• Asymmetric Thinking

    by  • November 22, 2013 • Uncategorized

    A couple of days ago, during a call with a client and after they had briefed me, they asked for my feedback. I provided my feedback on the plan from a number of different perspectives and could quickly tell that the client was surprised. As we approached the end of the call, the lead from the client side said thank you, and that I had raised a number of good issues and questions, and that she could not understand how only having 30 minutes of knowledge of the product I could do provide all of these other perspectives when the team had been working on the plan for six-months or more and none of these issues had come up. My response was that was the value in having an external party take an asymmetric look.

    We tend to approach life and problems from a logical step-by-step approach. We examine what we can, and based on that examination, knowledge, and experience make judgements that tag things as true, partially true, or false. Based upon these judgements, we then make a decision. And generally these types of approaches work – they give us a solution to the problem we are facing.

    For example, when deciding which way to get to the grocery store, we examine different possible paths, whether or not they will get us to our end goal, what are other criteria that we need to include, and what does our experience tell us about various approaches. And most often, yes, we wind up at the store successfully.

    But are they always correct and do they give us necessarily the best solution? Not always. Continuing the example, we generally don’t take into account that our knowledge is incomplete so we may not know where road construction is taking place or that the store had to close early today. We don’t have anyone to challenge our assumptions, to ask us to clearly delineate what we expect and what we don’t.

    I am not saying critical thinking isn’t important and effective. It definitely is. But it may not always be the most appropriate.

    Thinking asymmetrically requires lateral thinking – to approach a problem from an creative or indirect approach that sets aside the traditional critical and logical methodologies. The aim is not to provide the “normal answer set” but a different, perhaps unbalanced or what might be seen as weird set of answers to a problem.

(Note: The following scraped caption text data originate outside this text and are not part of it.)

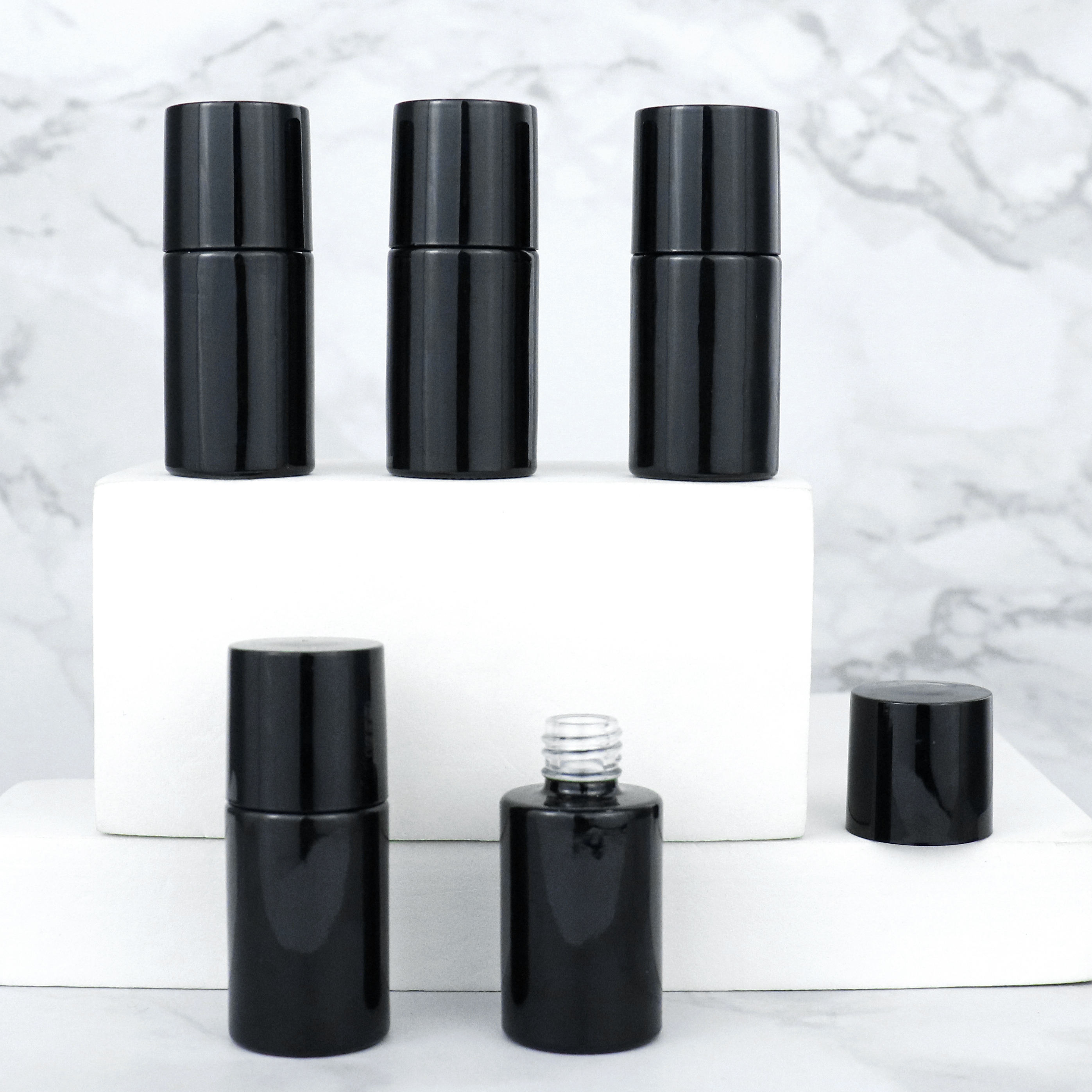 Fancy Wholesale Small Custom Cosmetic Packaging and Printing 7ml Black Empty Luxury Cylinder Nail Polish Glass Bottles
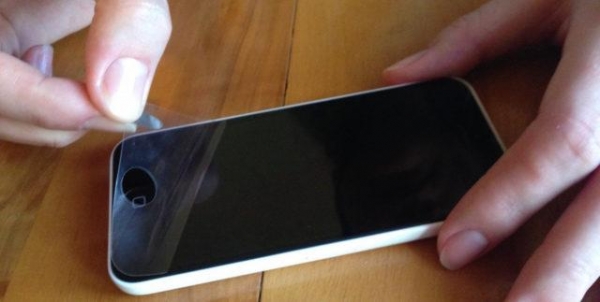 Как ровно наклеить защитную пленку на смартфон без пузырьков своими руками Как ровно наклеить защитную пленку на смартфон без пузырьков своими руками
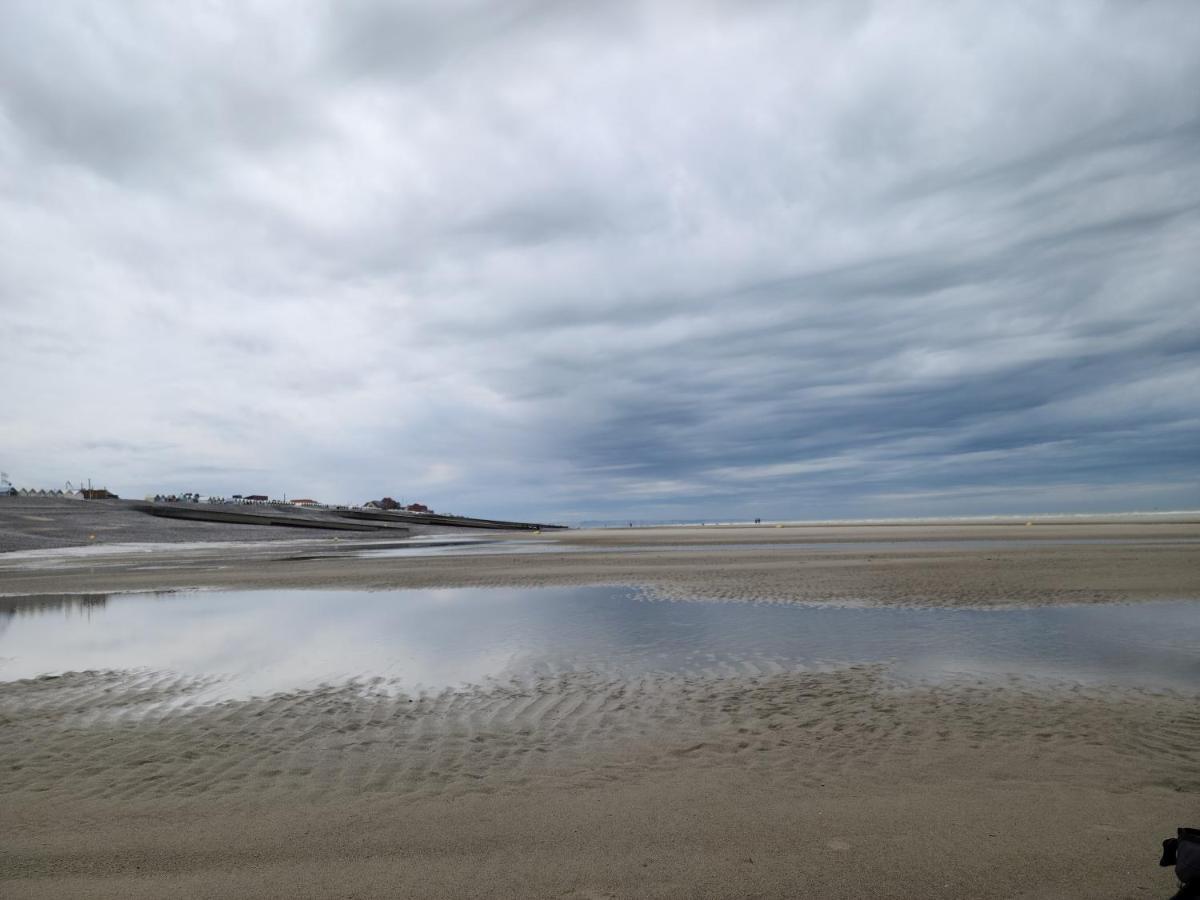 Gite Les Amoureux De La Baie Favières Kültér fotó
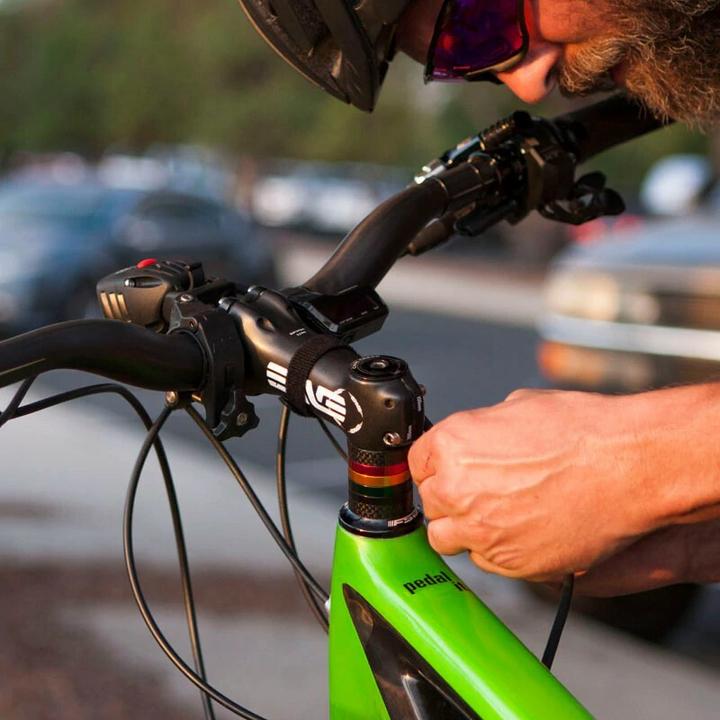 Actual product image Niterider Front light Nite Rider Pro 2200 race (2200 lm)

    Some key questions I use as I examine problems for asymmetric solutions are:

    • What is everyone thinking? Why?
    • What has already been done? What has not been done?
    • What are the things that no one else is considering? Why?
    • What is expected to happen? What would not be expected?
    • Are there illogical or implausible or outrageous options? Why are they not considered?

    Don’t assume there is only one answer and don’t assume that the correct answer is already known.